Work request:
Except for the pictures, output the records in full and exactly.

(Extracted data entries)
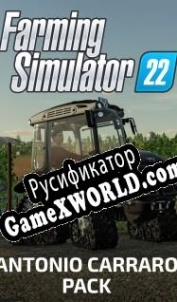 Русификатор для Farming Simulator 22: Antonio Carraro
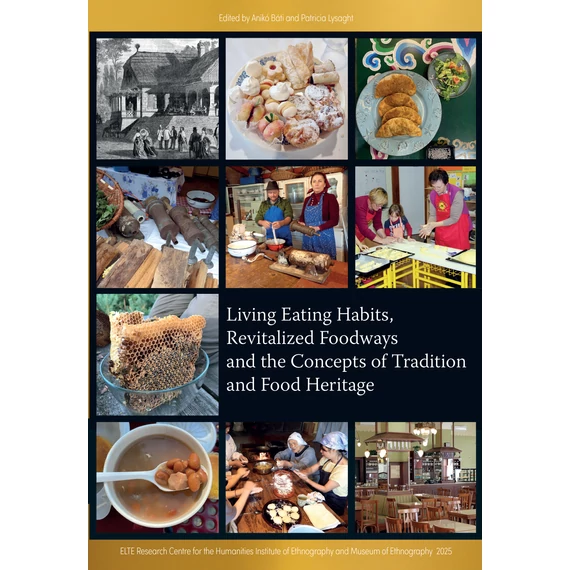 Living eating Habits, Revitalized Foodways and the Concepts of Tradition and Food Heritage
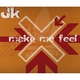 JK - You Make Me Feel Good (Radio Mix) (Radio Mix)
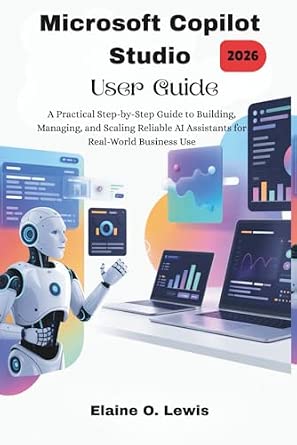 Microsoft Copilot Studio User Guide 2026: A Practical Step-by-Step ...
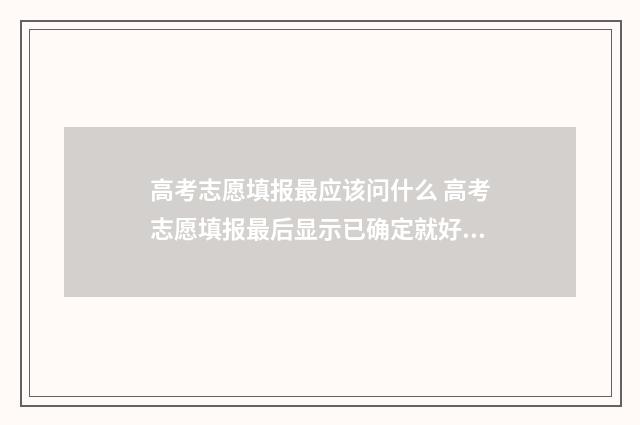 高考志愿填报最应该问什么 高考志愿填报最后显示已确定就好了
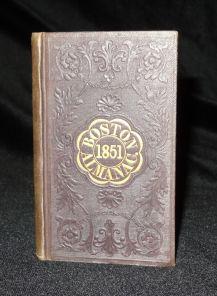 Item #000338B THE BOSTON ALMANAC FOR THE YEAR 1851. Damrell, Moore, George Coolidge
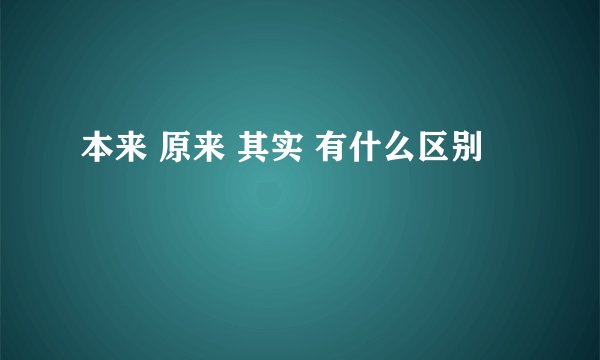 本来 原来 其实 有什么区别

Exercise output:
 Русификатор для Farming Simulator 22: Antonio Carraro
 Living eating Habits, Revitalized Foodways and the Concepts of Tradition and Food Heritage
 JK - You Make Me Feel Good (Radio Mix) (Radio Mix)
 Microsoft Copilot Studio User Guide 2026: A Practical Step-by-Step ...
 高考志愿填报最应该问什么 高考志愿填报最后显示已确定就好了
 Item #000338B THE BOSTON ALMANAC FOR THE YEAR 1851. Damrell, Moore, George Coolidge
 本来 原来 其实 有什么区别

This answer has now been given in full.